• _What you will do_:
Reproduce every entry that follows word for word, but omit the images.

• _Available data_:
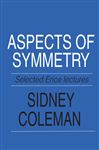 Aspects of Symmetry: Selected Erice Lectures of Sidney Coleman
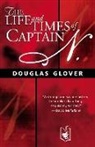 Douglas Glover - The Life and Times of Captain N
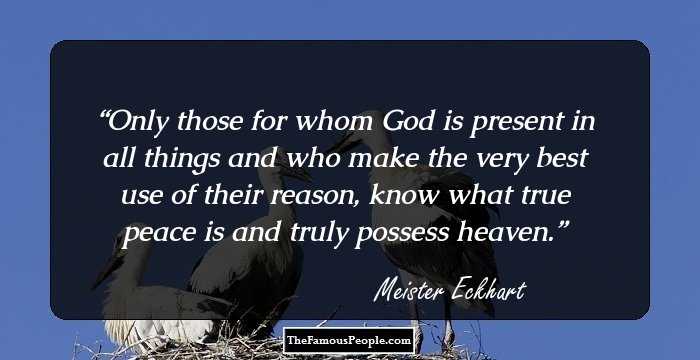 Only those for whom God is present in all things and who make the very best use of their reason, know what true peace is and truly possess heaven.
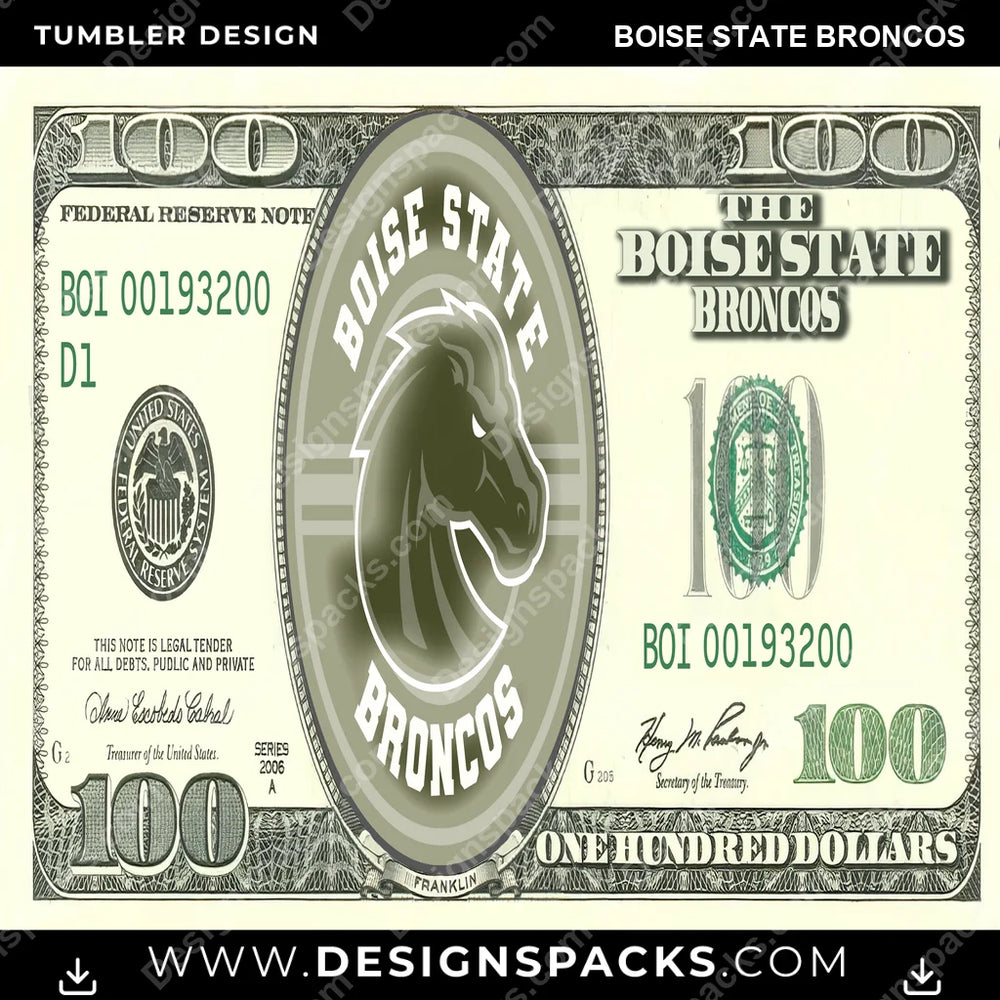 College Sport 100 Dollar Bill Boise State Broncos NCAA College Sport Tumbler Digital Wrap Design Download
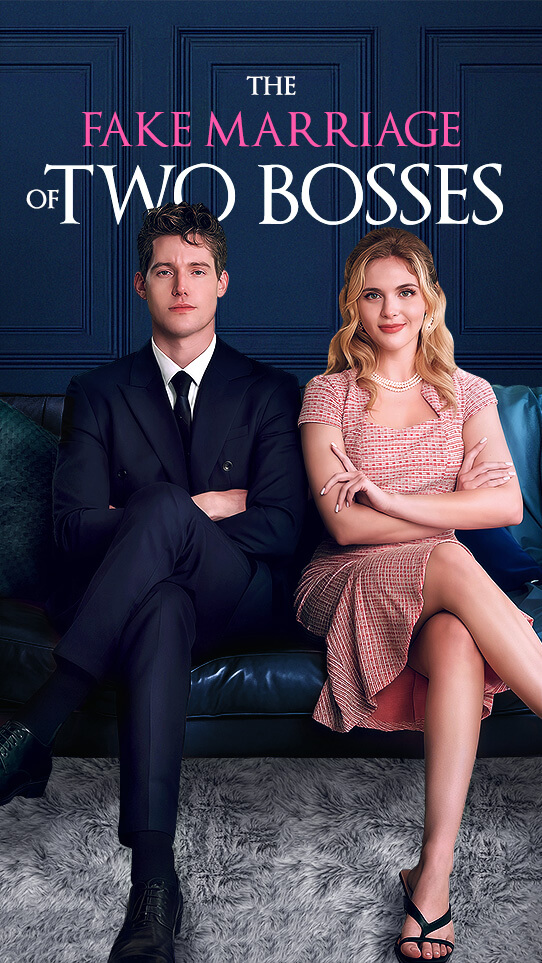 The Fake Marriage of Two Bosses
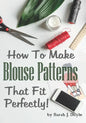 How to Make Blouse Patterns That Fit Perfectly: Illustrated Step-By-Step Guide for Easy Pattern Making - Paperback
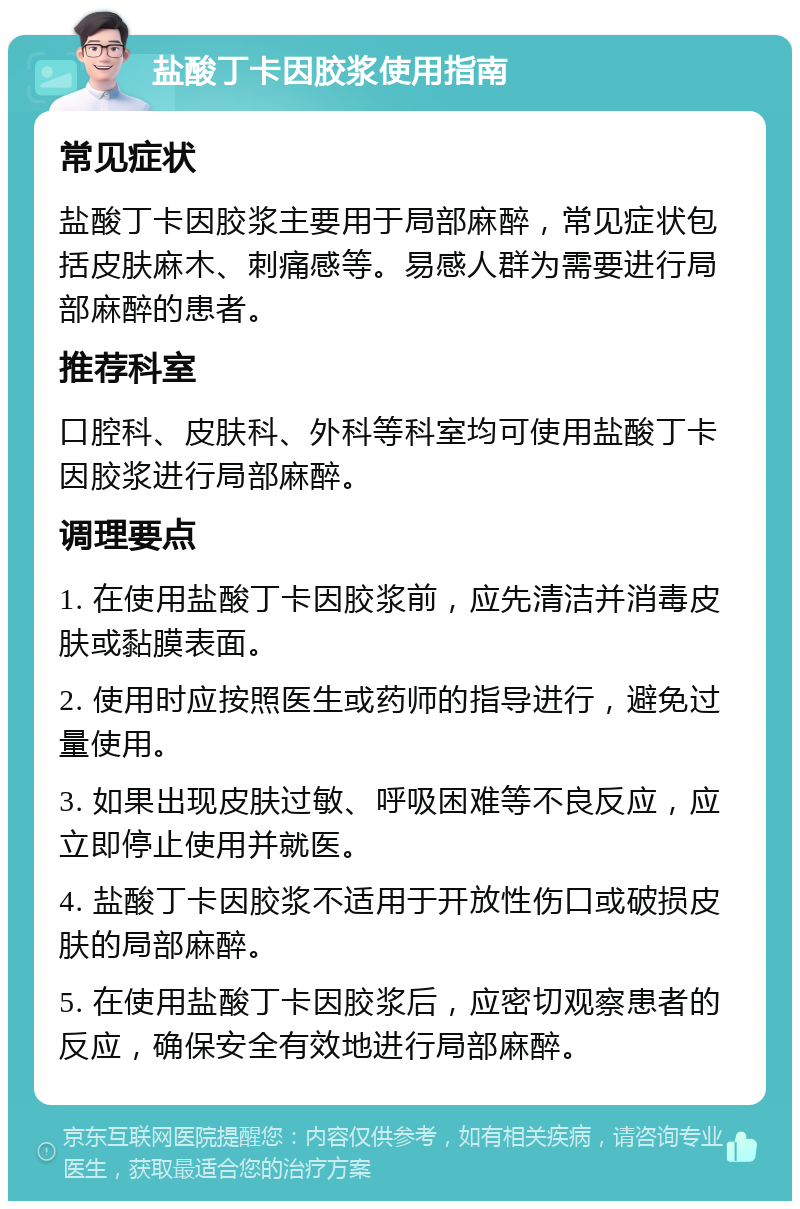 盐酸丁卡因胶浆使用指南 常见症状 盐酸丁卡因胶浆主要用于局部麻醉，常见症状包括皮肤麻木、刺痛感等。易感人群为需要进行局部麻醉的患者。 推荐科室 口腔科、皮肤科、外科等科室均可使用盐酸丁卡因胶浆进行局部麻醉。 调理要点 1. 在使用盐酸丁卡因胶浆前，应先清洁并消毒皮肤或黏膜表面。 2. 使用时应按照医生或药师的指导进行，避免过量使用。 3. 如果出现皮肤过敏、呼吸困难等不良反应，应立即停止使用并就医。 4. 盐酸丁卡因胶浆不适用于开放性伤口或破损皮肤的局部麻醉。 5. 在使用盐酸丁卡因胶浆后，应密切观察患者的反应，确保安全有效地进行局部麻醉。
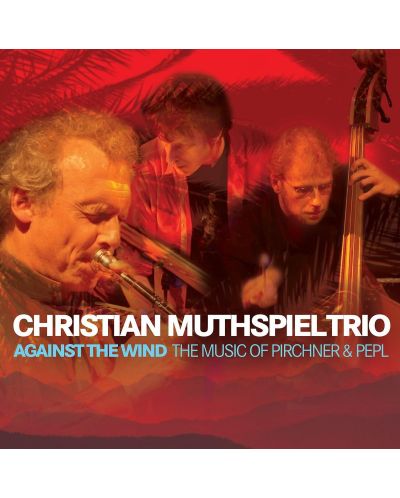 Christian Muthspiel - Against the Wind (2 CD) - 1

• _Your response_:
 Aspects of Symmetry: Selected Erice Lectures of Sidney Coleman
 Douglas Glover - The Life and Times of Captain N
 Only those for whom God is present in all things and who make the very best use of their reason, know what true peace is and truly possess heaven.
 College Sport 100 Dollar Bill Boise State Broncos NCAA College Sport Tumbler Digital Wrap Design Download
 The Fake Marriage of Two Bosses
 How to Make Blouse Patterns That Fit Perfectly: Illustrated Step-By-Step Guide for Easy Pattern Making - Paperback
 盐酸丁卡因胶浆使用指南 常见症状 盐酸丁卡因胶浆主要用于局部麻醉，常见症状包括皮肤麻木、刺痛感等。易感人群为需要进行局部麻醉的患者。 推荐科室 口腔科、皮肤科、外科等科室均可使用盐酸丁卡因胶浆进行局部麻醉。 调理要点 1. 在使用盐酸丁卡因胶浆前，应先清洁并消毒皮肤或黏膜表面。 2. 使用时应按照医生或药师的指导进行，避免过量使用。 3. 如果出现皮肤过敏、呼吸困难等不良反应，应立即停止使用并就医。 4. 盐酸丁卡因胶浆不适用于开放性伤口或破损皮肤的局部麻醉。 5. 在使用盐酸丁卡因胶浆后，应密切观察患者的反应，确保安全有效地进行局部麻醉。
 Christian Muthspiel - Against the Wind (2 CD) - 1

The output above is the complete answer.